BMGS niye şimdilerde bunu bağlamak istiyor, şeker suya mı düştü?! Evet, öyle bir risk vardır… Şimdiki konjektürde, Kıbrıs sorunu görüşme sürecinde iki taraf vardır: Bir tarafta statükonun devamını tercih eden Kıbrıs Rum kesimi, onun katışıksız destekçisi Yunanistan ve Türkiye, diğer tarafta da Kıbrıs sorununa BM ölçütlerinde ve gecikmeksizin çözüme ulaşmak isteyen Kıbrıs Türk tarafının lideri (ki bu vizyonunda Kıbrıslı Türklerin büyük çoğunluğunun desteğine sahiptir) ve BM… Kuzey’de seçim varsa, liderlik koltuğuna oturacak olanın tavrında belirsizlik varsa, BMGS için risk  var… Dolayısıyla, BMGS şimdiki Kıbrıslı Türk liderle ittifak halinde Şartlaşma Metni’ni sonuçlandırıp, seçimden sonra yeni seçilen Kıbrıslı Türk lidere bu zemini kabul edip etmeyeceğini sormak ve sürecin geleceğine bu cevaba bağlı olarak karar vermek istiyor olmalı… Peki, tutun ki yeni seçilen Kıbrıslı Türk lider sertlik yanlısıdır, BM ölçütlerine de karşıdır; Türkiye’yi de arkasına alıp BMGS’ye «Kabul etmiyorum» diyebilecek mi?! Hayır… Talat’ı görüşmelerde çok ödün verdi diye eleştirerek Cumhurbaşkanı seçilen Eroğlu, makama oturmasının ikinci haftasında, BMGS’ye yazdığı mektupta Talat’ın bıraktığı yerden devam edeceğini teyit etmişti… Kahramanlık bir yere kadardı yani... O dönemde Türkiye’nin de bu yönde teşvik ettiği söylenebilir; şimdiki Türkiye BM ile kapışmamayı tercih edecek bir zeka düzeyine sahiptir.

Dolayısıyla, 25 Kasım güzergahı Kıbrıs sorununda çözüm süreci ile ilgili bir aşamayı yaratacak bir sonuca varacaktır.

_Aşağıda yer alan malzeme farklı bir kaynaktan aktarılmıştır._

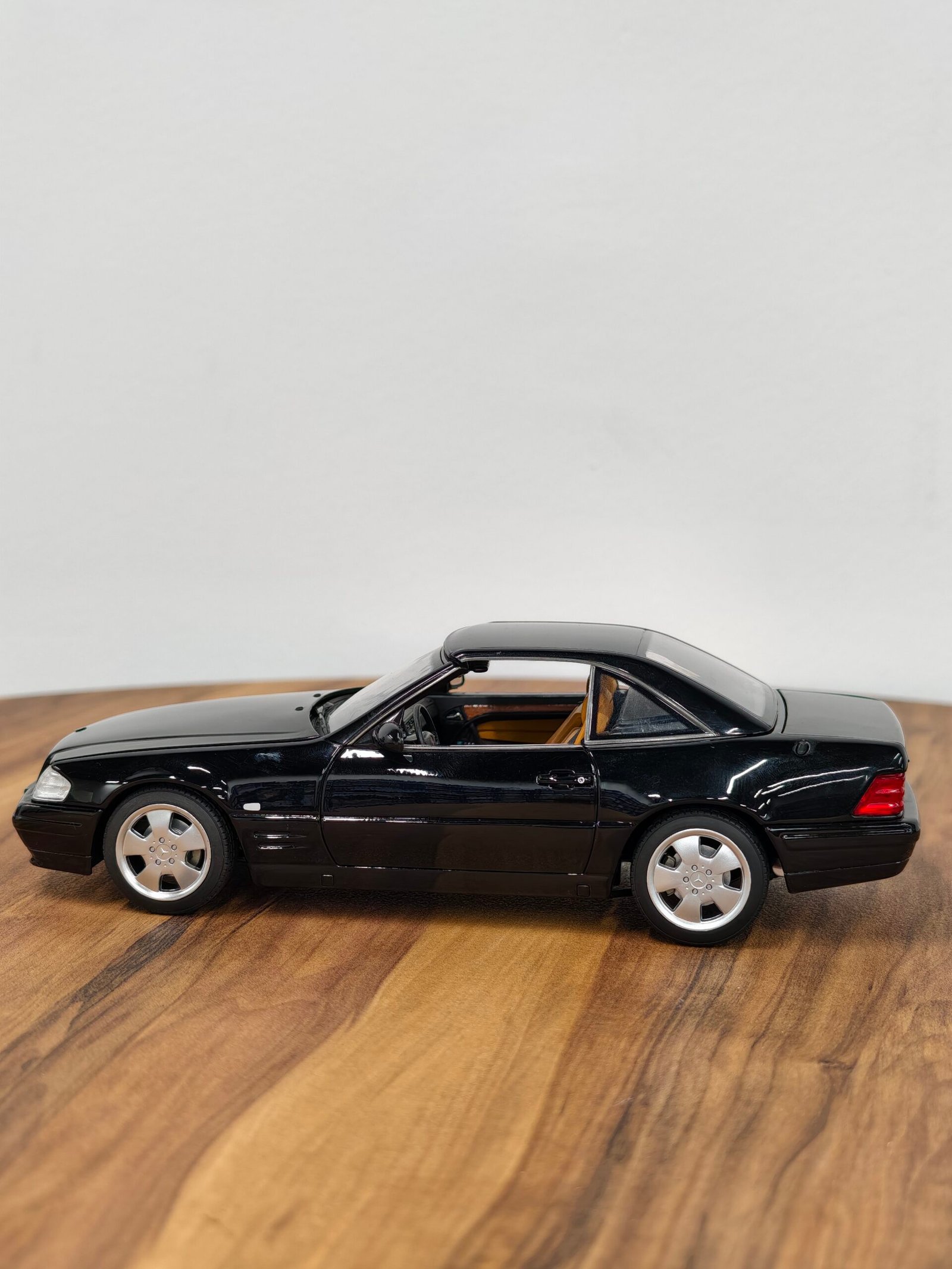 Mercedes-Benz SL 500 1999 Black 1:18 - Image 3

Bunun böyle olmayacağını iddia eden ikinci grubun tavrı ise, aslında somut bir sonuç çıkacağını öngörebilip de Nisan 2020’deki Cumhurbaşkanlığı seçimine Akıncı’nin avantajlı başlayacağını düşünüp, görüşmeyi horlayarak halktaki beklentiyi aşağıya çekmek gayreti ile ilgilidir. Hatta bazıları Akıncı’nın bu görüşmeye gitmesine bile karşı, çünkü çıkacak sonuçların onların sevdiği statükoyu tehdit edeceğini görebiliyorlar… Bunlar Kuzey Kıbrıs halkı ve adanın geleceği için doğru yaklaşımlar değildir; seçim yarışında rakiplerin birbiriyle değil, kendileri ile yarışan bir tazr ile yer alması ve kendi kapasite ve özelliklerini seçmen nazarında öne çıkarıp oy istemesi daha doğru olacak. Başkalarını karalayarak kazanılan seçim, başından halk için, sonunda da kazanan için kaybedilmiştir.